Based on a qualitative analysis of documents and in-depth interviews conducted during a five month fieldwork period in Spring 2013, this paper presents the case of one such community: the inhabitants hailing from the village of Salha, now in occupied Palestine, currently living in Shabriha, a small town near the city of Tyre/Sour in South Lebanon. There, they live next to an informal settlement inhabited by Palestinian refugees that have not acquired citizenship.
Adopting the ‘negotiated state’ framework, the paper offers an inductive, bottom-up perspective on the community’s gaining of citizenship. It is argued that rather than merely following from the electoral interests of Lebanon’s political leaders, naturalization resulted from the community’s purposeful instrumentalization of existing resources (the financial and social capital of the community’s clan leader) and active reinterpretation of available repertoires (alternating nationalist and sectarian identities). The paper further contends that the object of negotiation central to the naturalization was not only votes in exchange for state resources, but, more importantly, party-loyalty in exchange for a degree of local self-governance. Contrasting the situation of the naturalized Palestinians in Shabriha with that of their non-naturalized Palestinian neighbors, finally, shows that in the quest for such relative autonomy citizenship was a key resource as it provided the naturalized Palestinians with access to formal negotiation tables, whereas the non-naturalized Palestinians are consigned to bargaining in informal negotiation arenas.
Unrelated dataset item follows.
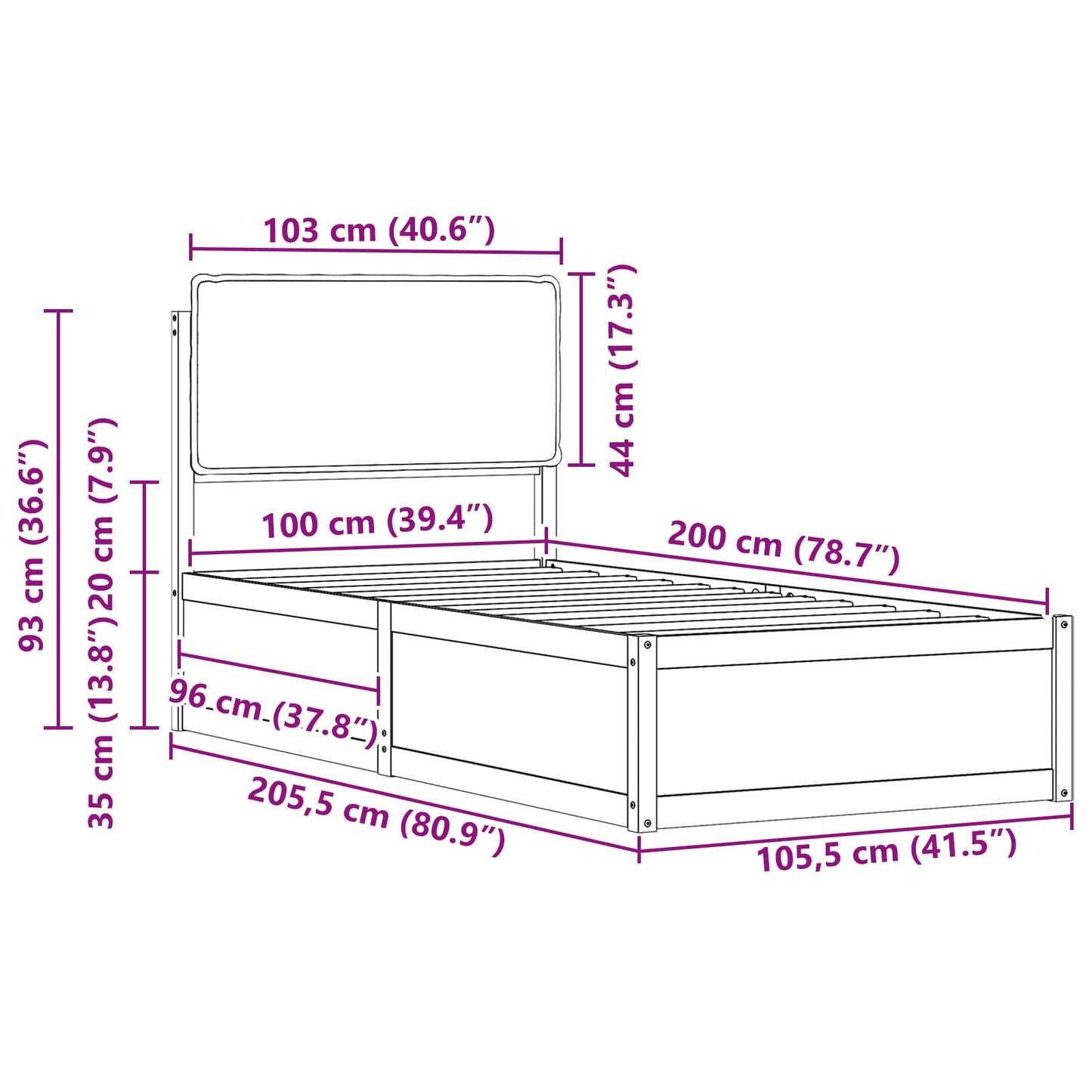Bedframe met Gevoerd Hoofdgedeelte Taupe 100 x 200 cm is nu te koop bij PeponiXL, paradijselijk wonen!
Presenting and explaining the story of a community that was once stateless but is now referred to by their Palestinian fellows as ‘the children of the state’ makes a twofold academic contribution. Empirically, it offers a detailed historical case analysis of a structurally under-analyzed phenomenon. Analytically, it conceptualizes the nature and consequences of this naturalization process in a way that goes beyond the default instrumentalist electoral approach and presents a more nuanced account of the process as a negotiated exchange about not just access to, but also independence from, state and party.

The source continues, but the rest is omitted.